You are talking about collisions between IV's, not key space. By using either 
32 bytes of randomness (if someone is worried about crypto attacks there is no 
excuse not to use AES256), there is *NO* possibility of collision even assuming 
an insanely bad practice of using a single key version for a huge number of 
files. I obviously understand and applied the birthday paradox to get the 
numbers.

Note that we *already* have key rolling and the key is already a random string 
of bytes. Adding additional layers of randomness just gives the appearance of 
more security. That may be wonderful in the closed source security world, but 
it actively harmful in open source. In open source having a clear 
implementation that is open for inspection is by far the best protection. 

Note that the other issue with not using the keys as intended is that many 
Hadoop users launch jobs that read millions of files. We can't afford to have 
the client fetch a different key for each of those millions of files.

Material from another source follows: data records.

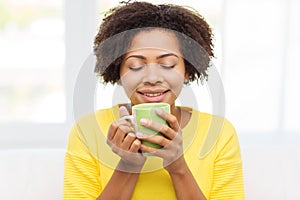 Happy african american woman drinking from tea cup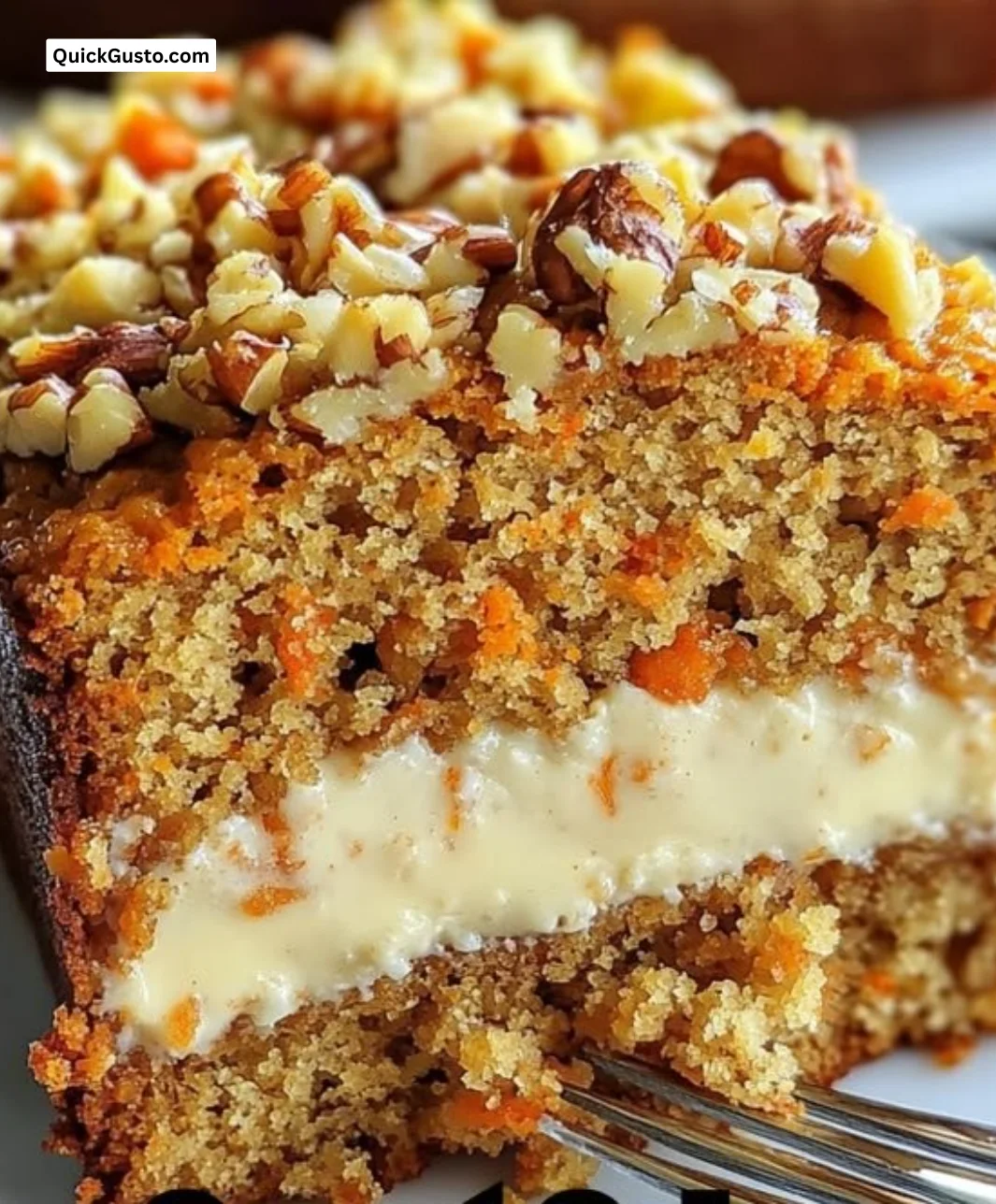 Delicious carrot cake loaf sliced and served on a wooden board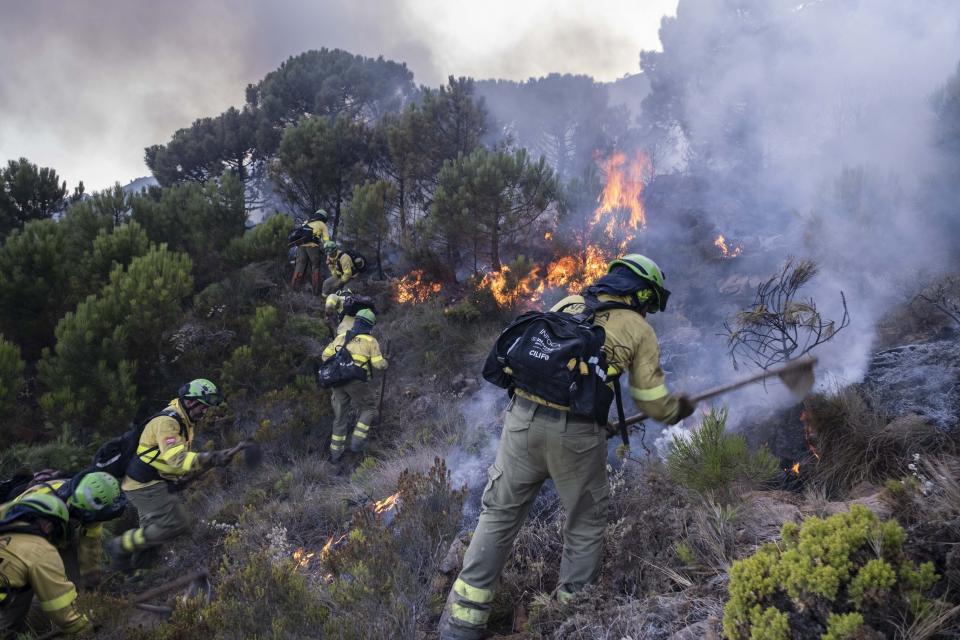 Forest firefighters work on a wildfire near the town of Jubrique, in Malaga province, Spain, Saturday, Sept. 11, 2021. Firefighting crews in southern Spain are waiting for much-needed rainfall expected on Monday that they hope can help extinguish a stubborn mega-fire that has ravaged 7,400 hectares (18,300 acres) in five days and displaced some 3,000 people from their homes. (AP Photo/Pedro Armestre)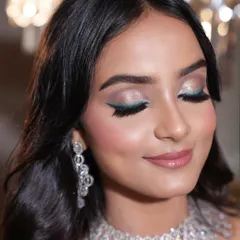 A detailed close-up of the emerald magic eye makeup. The shimmery lids and crisp green winged liner create a statement that is both soft and striking, perfect for a modern bride.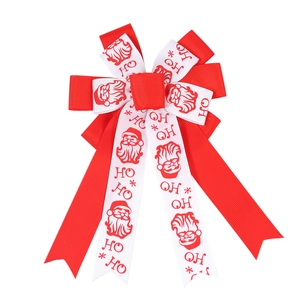 Christmas hair bow with Santa Claus pattern and festive ribbons for young girls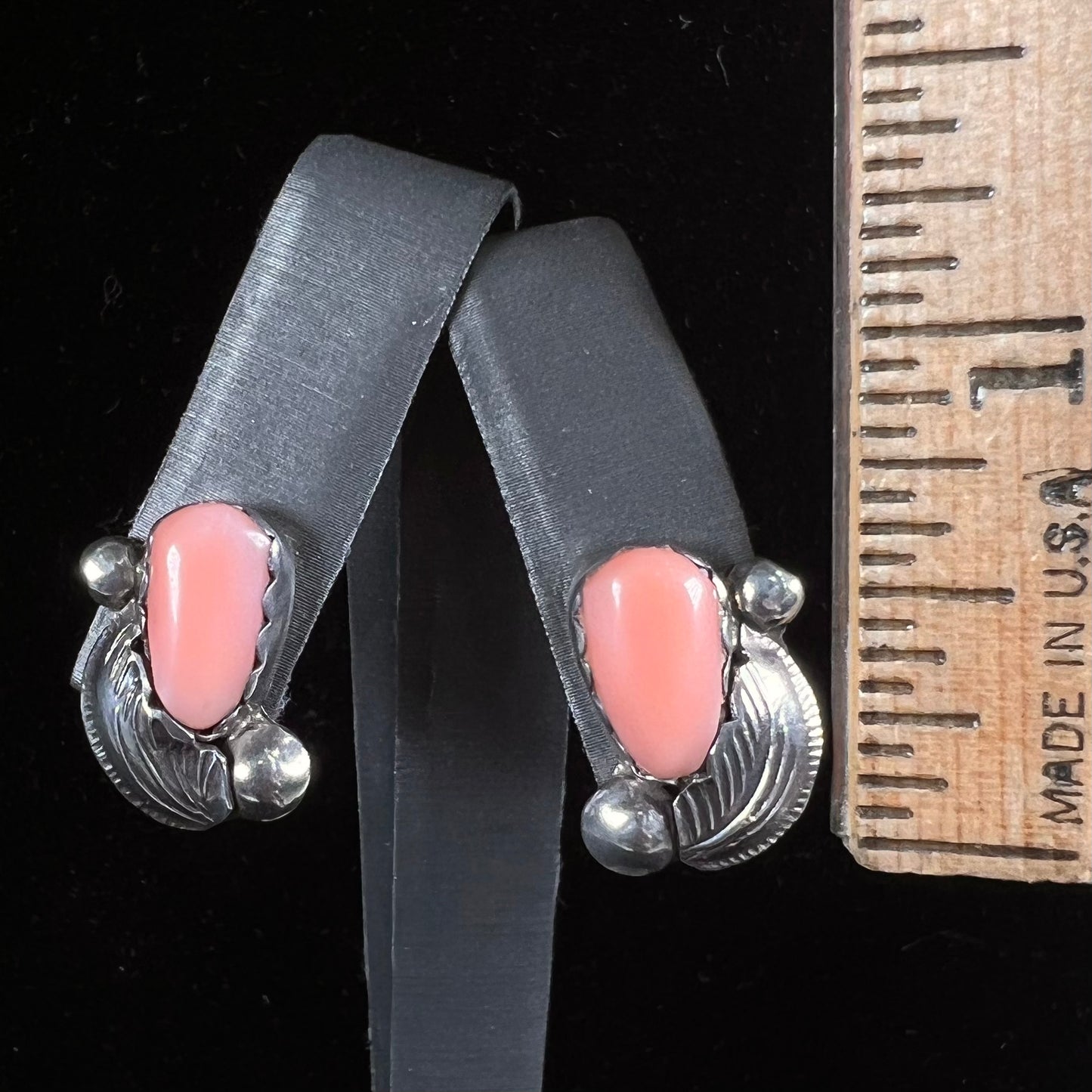 A pair of sterling silver coral earrings handmade by Zuni artists, Carmelita and Dan Simplicio.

> Transparent data at rest encryption
> -----------------------------------
>
>                 Key: HDFS-6134
>                 URL: https://issues.apache.org/jira/browse/HDFS-6134
>             Project: Hadoop HDFS
>          Issue Type: New Feature
>          Components: security
>    Affects Versions: 2.3.0
>            Reporter: Alejandro Abdelnur
>            Assignee: Alejandro Abdelnur
>         Attachments: HDFSDataatRestEncryptionProposal_obsolete.pdf, 
> HDFSEncryptionConceptualDesignProposal-2014-06-20.pdf
>
>
> Because of privacy and security regulations, for many industries, sensitive 
> data at rest must be in encrypted form. For example: the health­care industry 
> (HIPAA regulations), the card payment industry (PCI DSS regulations) or the 
> US government (FISMA regulations).
> This JIRA aims to provide a mechanism to encrypt HDFS data at rest that can 
> be used transparently by any application accessing HDFS via Hadoop Filesystem 
> Java API, Hadoop libhdfs C library, or WebHDFS REST API.
> The resulting implementation should be able to be used in compliance with 
> different regulation requirements.